Additifs. L'utilisation des additifs tels que le 4-phénylpyridine N-oxyde (4-PPNO) [2] ou le 4-méthylpyridine N-oxyde (4-PNO) [3] sert à améliorer les stéréosélectivités: ratio cis/trans;¨% ee ainsi que la performance des catalyseurs.

2.2. Mécanismes de l'époxydation de Jacobsen

Le mécanisme de l'époxydation de Jacobsen met en jeu deux aspects différents mais intereliés qui sont respectivement le mode de transfert d'oxygène conduisant aux isoméries cis/trans et la méthode d'induction chirale aboutissant à l'énantiosélectivité de la réaction.

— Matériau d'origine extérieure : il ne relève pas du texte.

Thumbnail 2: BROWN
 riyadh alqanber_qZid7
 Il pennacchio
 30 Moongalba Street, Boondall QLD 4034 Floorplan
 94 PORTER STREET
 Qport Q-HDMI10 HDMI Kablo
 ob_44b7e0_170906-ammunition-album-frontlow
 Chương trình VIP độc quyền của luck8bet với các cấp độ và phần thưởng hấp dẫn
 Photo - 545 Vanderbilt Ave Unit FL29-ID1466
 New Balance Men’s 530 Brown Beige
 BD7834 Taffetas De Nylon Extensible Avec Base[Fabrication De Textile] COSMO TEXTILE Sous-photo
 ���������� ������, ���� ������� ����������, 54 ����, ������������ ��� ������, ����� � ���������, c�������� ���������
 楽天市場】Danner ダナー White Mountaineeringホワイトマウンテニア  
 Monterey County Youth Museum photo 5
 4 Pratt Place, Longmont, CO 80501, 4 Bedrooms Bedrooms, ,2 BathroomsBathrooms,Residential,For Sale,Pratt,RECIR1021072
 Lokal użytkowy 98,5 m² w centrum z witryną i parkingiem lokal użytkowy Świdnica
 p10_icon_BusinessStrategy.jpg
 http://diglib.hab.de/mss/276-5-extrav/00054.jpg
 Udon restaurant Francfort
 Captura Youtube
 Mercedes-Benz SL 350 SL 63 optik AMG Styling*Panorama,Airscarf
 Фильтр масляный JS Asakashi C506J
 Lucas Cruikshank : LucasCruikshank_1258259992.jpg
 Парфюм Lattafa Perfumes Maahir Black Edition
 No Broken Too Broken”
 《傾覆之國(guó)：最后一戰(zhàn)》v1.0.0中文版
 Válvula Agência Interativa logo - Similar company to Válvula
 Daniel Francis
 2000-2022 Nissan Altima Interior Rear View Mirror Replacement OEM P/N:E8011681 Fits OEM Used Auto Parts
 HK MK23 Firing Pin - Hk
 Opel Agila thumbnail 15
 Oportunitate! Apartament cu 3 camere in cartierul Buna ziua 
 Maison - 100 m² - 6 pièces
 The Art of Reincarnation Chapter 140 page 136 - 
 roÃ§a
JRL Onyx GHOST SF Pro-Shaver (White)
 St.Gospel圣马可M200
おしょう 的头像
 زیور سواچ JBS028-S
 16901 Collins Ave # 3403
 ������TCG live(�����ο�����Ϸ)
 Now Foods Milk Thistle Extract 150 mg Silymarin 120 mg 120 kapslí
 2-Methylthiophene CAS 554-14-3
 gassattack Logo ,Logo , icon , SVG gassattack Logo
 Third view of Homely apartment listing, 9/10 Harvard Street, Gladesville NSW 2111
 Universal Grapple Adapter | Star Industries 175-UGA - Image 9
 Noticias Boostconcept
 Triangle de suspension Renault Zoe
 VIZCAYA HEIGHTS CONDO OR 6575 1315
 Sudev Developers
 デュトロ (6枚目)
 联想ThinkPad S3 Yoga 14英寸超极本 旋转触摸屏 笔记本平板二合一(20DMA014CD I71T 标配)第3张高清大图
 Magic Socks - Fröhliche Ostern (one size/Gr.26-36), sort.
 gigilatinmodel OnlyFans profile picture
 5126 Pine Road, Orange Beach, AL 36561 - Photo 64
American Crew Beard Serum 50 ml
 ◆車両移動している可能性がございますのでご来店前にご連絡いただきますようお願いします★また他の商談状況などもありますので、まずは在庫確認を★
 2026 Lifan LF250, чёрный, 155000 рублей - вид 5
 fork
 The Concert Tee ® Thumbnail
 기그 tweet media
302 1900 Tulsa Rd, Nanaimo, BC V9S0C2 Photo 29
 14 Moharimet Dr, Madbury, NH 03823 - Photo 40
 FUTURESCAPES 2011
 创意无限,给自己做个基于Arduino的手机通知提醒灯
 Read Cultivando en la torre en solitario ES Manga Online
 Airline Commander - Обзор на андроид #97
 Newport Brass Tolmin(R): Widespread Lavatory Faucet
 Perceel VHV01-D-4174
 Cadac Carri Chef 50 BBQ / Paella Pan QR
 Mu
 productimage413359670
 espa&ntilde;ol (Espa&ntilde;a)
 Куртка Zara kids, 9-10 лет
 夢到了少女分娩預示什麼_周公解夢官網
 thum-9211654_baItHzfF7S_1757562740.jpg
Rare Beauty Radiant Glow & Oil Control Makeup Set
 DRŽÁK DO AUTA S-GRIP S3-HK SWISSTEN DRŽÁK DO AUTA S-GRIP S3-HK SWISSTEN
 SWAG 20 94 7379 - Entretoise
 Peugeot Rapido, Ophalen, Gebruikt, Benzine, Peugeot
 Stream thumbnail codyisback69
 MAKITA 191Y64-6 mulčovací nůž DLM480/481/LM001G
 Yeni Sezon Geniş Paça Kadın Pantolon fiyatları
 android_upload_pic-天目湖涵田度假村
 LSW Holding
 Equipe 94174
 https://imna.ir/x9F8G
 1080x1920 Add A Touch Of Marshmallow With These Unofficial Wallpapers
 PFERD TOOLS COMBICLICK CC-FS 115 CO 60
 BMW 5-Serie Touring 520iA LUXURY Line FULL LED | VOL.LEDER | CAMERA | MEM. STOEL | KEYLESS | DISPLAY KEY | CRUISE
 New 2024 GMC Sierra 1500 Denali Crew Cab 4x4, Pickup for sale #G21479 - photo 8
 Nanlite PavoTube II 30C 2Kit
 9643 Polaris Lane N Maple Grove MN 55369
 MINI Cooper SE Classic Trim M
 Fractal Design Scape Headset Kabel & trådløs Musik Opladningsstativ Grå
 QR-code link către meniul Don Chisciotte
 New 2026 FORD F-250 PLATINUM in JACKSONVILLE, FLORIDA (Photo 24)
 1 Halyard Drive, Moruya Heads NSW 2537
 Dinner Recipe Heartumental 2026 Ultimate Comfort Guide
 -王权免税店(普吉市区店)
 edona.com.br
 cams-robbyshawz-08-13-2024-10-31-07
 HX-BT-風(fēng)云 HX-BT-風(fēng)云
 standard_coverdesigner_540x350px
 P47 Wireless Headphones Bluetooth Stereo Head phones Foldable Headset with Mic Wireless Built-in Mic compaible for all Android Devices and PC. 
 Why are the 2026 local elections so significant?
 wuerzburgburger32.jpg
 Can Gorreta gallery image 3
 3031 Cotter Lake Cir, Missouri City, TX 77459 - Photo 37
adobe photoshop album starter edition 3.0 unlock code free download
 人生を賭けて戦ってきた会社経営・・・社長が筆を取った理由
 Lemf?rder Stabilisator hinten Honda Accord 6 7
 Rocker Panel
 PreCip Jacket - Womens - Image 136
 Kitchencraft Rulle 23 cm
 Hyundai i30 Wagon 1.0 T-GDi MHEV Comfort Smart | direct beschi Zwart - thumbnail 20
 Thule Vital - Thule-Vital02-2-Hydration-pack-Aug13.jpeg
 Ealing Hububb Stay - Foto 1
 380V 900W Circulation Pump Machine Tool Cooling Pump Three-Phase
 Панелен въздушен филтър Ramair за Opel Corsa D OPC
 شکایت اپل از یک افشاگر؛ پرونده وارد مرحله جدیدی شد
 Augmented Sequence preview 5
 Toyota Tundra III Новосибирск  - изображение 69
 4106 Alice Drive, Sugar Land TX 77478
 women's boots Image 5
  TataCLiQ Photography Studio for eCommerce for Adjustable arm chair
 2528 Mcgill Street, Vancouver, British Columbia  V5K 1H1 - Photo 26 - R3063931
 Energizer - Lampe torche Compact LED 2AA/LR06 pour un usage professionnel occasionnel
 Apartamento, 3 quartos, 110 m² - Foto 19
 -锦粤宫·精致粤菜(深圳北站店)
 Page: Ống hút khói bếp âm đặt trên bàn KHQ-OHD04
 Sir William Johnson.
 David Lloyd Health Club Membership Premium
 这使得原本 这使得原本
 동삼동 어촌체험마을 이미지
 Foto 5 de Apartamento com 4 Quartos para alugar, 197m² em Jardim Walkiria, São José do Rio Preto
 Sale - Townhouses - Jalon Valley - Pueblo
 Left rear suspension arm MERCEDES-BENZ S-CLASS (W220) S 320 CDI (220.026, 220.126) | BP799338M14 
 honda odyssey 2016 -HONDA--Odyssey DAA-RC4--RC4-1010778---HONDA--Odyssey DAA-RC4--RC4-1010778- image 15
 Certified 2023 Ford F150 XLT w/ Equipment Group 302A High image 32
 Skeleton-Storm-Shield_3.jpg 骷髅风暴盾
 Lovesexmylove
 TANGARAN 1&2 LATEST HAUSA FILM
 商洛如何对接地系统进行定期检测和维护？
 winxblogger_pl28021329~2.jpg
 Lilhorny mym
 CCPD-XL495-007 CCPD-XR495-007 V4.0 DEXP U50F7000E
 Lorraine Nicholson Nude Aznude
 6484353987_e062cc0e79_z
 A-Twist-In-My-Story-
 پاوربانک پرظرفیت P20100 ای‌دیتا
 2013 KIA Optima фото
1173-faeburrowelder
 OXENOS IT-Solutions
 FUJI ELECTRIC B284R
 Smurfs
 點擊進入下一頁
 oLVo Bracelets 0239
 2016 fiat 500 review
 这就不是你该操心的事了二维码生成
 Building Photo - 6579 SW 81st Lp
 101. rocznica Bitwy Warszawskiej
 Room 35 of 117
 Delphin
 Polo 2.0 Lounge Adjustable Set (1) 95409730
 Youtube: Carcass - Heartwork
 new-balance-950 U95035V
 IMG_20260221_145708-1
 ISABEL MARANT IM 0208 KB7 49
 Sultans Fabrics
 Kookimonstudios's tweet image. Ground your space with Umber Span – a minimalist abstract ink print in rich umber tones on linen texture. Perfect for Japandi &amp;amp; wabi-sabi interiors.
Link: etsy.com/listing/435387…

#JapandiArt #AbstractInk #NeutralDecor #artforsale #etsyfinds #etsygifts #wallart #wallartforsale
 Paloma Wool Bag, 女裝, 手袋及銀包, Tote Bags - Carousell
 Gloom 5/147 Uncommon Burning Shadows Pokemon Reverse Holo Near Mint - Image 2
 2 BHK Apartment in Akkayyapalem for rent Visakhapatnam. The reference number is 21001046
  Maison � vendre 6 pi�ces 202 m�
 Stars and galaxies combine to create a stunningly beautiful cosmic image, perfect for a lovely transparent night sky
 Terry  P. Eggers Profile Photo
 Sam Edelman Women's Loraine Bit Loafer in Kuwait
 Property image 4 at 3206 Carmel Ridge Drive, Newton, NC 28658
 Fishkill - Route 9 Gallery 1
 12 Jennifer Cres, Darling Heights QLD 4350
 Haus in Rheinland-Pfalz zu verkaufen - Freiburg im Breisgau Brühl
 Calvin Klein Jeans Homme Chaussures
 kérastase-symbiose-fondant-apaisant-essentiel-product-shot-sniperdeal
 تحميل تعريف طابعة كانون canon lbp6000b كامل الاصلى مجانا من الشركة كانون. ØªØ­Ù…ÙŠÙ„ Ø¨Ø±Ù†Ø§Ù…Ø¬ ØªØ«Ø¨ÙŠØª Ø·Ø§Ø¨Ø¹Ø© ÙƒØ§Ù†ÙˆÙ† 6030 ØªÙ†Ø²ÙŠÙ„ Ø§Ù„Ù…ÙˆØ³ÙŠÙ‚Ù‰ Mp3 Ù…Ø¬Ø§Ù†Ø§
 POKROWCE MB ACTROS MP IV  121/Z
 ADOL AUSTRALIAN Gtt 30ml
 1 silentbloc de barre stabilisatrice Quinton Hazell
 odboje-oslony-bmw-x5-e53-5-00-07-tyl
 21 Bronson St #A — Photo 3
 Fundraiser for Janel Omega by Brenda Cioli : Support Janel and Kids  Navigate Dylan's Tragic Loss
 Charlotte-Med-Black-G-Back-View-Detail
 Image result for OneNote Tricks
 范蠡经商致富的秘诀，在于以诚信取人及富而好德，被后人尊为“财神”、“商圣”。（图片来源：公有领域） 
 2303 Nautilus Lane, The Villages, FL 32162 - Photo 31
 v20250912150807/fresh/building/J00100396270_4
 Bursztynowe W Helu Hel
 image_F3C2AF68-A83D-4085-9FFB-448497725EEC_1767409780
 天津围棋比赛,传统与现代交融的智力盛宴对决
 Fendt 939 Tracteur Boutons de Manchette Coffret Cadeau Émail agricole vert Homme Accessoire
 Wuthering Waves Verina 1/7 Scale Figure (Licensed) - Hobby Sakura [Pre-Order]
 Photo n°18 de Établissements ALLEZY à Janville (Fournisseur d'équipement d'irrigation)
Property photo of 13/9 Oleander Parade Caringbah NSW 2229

2.2.1.Cycle catalytique et sélectivité cis/trans La figure 1 montre le cycle catalytique global de l'époxydation de Jacobsen procédant en deux étapes: l'oxydation du Mn(III) en Mn(V) formant l'oxomanganèse IIc qui est l'espèce active du cycle catalytique. Ceci explique la quantité stochiométrique nécessaire de NaOCl pour chaque mole d'oléfine transformé. La deuxième étape montre le transfert d'oxygène à l'oléfine formant les époxydes isomères cis- IIIa et trans- IIIb avec les oléfines cis-.
La figure 4 explique l'origine des isomères cis- et trans- par voie radicalaire durant la deuxième étape du cycle catalytique. L'attaque radicalaire de l'oxygène de l'intermédiaire actif oxomanganèse IIc conduit à la formation de l'intermédiaire IVa pouvant conduire directement à l'poxyde cis- IVb. La formation de l'époxyde trans- IVc se fait après rotation préalable de IVa. La réaction devient très pratique avec les oléfines cycliques où de telle rotation n'est pas possible.